+++ Records for this exercise +++

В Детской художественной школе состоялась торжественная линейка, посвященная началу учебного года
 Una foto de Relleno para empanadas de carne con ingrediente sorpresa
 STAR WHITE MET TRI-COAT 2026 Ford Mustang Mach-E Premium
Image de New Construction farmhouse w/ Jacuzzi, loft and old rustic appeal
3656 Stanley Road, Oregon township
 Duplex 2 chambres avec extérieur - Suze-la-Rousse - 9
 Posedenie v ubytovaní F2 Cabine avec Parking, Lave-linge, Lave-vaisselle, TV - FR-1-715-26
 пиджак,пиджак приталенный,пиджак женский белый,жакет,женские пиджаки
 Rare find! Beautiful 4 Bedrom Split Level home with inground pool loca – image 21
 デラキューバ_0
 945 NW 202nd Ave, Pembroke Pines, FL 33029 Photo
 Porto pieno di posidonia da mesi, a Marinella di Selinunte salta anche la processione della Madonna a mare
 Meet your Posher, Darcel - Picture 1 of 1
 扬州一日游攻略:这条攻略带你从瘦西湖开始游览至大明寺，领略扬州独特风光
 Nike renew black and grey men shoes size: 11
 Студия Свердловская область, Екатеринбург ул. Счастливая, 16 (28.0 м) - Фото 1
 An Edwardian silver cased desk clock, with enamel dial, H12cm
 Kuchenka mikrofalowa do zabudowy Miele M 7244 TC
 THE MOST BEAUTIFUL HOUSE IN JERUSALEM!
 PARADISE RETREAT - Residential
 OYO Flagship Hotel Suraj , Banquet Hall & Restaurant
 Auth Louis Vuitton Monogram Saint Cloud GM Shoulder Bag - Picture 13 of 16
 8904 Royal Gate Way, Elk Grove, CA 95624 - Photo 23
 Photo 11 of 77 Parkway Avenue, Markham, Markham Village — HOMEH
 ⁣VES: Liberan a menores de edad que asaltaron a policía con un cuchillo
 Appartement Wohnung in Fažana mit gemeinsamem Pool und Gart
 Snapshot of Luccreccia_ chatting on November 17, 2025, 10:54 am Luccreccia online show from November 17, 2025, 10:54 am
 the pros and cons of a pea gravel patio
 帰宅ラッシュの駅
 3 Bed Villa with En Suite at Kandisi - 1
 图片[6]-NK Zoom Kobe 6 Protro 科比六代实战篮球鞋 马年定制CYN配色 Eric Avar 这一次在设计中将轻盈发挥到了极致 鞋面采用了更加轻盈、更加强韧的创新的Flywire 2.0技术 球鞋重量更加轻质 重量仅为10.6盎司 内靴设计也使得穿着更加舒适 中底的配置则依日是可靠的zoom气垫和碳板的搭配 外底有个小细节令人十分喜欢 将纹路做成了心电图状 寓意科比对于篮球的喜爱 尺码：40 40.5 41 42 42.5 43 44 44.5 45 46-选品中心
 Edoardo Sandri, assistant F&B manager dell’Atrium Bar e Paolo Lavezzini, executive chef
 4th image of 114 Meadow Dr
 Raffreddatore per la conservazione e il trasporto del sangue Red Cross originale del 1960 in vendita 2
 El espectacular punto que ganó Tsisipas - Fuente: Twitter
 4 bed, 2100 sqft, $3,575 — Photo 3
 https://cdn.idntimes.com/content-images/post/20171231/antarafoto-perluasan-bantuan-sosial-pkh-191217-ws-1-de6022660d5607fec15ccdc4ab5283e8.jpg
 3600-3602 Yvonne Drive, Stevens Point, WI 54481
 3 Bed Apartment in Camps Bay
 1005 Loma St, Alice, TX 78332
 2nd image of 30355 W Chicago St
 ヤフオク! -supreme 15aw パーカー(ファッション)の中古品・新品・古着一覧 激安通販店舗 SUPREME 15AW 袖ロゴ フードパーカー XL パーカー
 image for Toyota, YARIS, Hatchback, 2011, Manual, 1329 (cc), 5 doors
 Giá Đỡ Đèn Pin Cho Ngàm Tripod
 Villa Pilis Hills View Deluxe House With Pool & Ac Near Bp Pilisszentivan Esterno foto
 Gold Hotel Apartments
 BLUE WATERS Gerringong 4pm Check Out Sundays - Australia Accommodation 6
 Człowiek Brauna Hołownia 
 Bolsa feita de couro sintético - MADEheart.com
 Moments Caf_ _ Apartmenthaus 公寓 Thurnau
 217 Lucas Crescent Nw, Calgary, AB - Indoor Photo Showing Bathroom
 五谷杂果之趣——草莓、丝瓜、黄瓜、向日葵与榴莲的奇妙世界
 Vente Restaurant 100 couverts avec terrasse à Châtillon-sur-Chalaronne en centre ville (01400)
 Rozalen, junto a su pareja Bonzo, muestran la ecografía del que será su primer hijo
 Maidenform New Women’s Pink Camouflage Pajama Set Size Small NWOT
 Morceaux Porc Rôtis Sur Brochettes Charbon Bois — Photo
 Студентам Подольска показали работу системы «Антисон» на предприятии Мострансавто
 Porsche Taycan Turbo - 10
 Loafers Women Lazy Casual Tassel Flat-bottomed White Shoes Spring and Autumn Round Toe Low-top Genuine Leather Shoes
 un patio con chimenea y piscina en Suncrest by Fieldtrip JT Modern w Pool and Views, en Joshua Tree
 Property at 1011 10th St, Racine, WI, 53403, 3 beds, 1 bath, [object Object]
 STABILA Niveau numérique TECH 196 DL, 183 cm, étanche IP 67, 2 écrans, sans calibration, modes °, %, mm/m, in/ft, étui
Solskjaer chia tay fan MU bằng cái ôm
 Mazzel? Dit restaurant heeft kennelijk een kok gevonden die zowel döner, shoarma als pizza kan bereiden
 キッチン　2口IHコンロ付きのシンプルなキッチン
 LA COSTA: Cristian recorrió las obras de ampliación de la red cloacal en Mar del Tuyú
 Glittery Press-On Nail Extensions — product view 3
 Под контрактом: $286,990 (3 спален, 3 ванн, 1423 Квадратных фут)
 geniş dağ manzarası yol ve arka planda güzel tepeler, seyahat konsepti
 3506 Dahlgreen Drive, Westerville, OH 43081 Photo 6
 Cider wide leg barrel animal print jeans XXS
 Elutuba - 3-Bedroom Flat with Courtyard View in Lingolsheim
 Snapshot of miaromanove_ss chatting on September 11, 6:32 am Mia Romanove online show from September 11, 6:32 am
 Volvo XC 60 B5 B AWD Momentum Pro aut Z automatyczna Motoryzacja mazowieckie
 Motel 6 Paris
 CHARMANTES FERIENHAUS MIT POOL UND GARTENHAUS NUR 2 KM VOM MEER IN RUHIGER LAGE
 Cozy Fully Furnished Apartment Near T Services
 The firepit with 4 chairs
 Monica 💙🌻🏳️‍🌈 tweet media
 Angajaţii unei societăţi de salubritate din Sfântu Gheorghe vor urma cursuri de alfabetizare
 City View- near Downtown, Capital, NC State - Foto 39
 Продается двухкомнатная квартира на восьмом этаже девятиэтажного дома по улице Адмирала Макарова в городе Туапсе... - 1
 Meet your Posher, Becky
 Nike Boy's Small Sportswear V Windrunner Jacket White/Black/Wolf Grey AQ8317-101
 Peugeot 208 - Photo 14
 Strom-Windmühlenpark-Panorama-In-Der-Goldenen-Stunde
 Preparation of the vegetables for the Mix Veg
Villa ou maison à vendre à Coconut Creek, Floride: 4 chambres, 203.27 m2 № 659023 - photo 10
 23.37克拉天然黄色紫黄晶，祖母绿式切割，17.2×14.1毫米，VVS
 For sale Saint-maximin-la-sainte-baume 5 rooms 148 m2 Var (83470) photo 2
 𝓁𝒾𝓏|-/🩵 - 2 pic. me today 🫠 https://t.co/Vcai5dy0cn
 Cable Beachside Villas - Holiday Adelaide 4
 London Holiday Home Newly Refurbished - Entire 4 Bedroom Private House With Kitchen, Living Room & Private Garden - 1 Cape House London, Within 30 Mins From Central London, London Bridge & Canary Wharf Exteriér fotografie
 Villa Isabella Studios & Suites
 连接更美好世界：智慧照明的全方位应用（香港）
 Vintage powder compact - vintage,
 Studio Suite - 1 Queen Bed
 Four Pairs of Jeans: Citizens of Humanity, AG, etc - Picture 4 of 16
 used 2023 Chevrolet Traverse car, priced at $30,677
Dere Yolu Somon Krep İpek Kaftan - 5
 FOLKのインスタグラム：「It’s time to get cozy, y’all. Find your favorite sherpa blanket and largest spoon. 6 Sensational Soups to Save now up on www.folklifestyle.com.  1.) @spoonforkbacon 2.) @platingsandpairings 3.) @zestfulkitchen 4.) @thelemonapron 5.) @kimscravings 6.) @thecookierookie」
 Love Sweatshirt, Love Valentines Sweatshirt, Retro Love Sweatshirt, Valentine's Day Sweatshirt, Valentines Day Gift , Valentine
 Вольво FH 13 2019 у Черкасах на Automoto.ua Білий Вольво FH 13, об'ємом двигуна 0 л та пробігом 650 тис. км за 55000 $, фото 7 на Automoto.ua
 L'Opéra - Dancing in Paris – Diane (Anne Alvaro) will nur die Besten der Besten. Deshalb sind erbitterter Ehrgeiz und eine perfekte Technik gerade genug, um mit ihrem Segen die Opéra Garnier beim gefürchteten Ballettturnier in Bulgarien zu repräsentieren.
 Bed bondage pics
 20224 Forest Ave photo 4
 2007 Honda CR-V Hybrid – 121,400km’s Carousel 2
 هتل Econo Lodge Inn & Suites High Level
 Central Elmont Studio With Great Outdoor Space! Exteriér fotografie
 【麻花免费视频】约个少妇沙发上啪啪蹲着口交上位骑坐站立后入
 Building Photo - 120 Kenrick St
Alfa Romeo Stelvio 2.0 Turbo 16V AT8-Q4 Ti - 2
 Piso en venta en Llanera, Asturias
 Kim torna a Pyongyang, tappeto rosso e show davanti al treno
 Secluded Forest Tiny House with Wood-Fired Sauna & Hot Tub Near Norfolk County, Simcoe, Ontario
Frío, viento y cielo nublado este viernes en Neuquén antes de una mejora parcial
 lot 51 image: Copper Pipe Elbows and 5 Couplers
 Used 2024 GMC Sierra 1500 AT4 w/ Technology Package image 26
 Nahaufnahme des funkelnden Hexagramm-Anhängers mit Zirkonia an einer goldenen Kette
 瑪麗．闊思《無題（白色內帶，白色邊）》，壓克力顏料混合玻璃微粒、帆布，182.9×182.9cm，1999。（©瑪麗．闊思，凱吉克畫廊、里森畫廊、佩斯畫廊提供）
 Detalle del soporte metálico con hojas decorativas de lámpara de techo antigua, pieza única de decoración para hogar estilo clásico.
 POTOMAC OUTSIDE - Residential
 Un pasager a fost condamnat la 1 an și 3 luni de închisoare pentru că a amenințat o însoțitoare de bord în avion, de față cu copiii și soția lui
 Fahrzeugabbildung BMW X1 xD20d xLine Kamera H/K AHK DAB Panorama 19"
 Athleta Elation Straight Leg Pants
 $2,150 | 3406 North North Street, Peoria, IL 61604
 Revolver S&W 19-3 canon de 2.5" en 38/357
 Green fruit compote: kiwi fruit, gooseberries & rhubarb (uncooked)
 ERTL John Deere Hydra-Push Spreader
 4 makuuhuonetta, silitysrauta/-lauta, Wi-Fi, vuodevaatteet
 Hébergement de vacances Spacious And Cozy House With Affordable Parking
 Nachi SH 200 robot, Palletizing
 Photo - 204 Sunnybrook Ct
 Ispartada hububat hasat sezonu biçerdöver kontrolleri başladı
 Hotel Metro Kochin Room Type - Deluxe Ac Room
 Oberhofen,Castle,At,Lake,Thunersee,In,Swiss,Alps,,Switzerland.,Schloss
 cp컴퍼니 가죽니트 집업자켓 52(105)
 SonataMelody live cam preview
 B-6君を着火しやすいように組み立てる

+++

**Work order**.
For each line in the material above that holds the word "Flat", add one to a count; state only the final number.

**Result of the task**.
2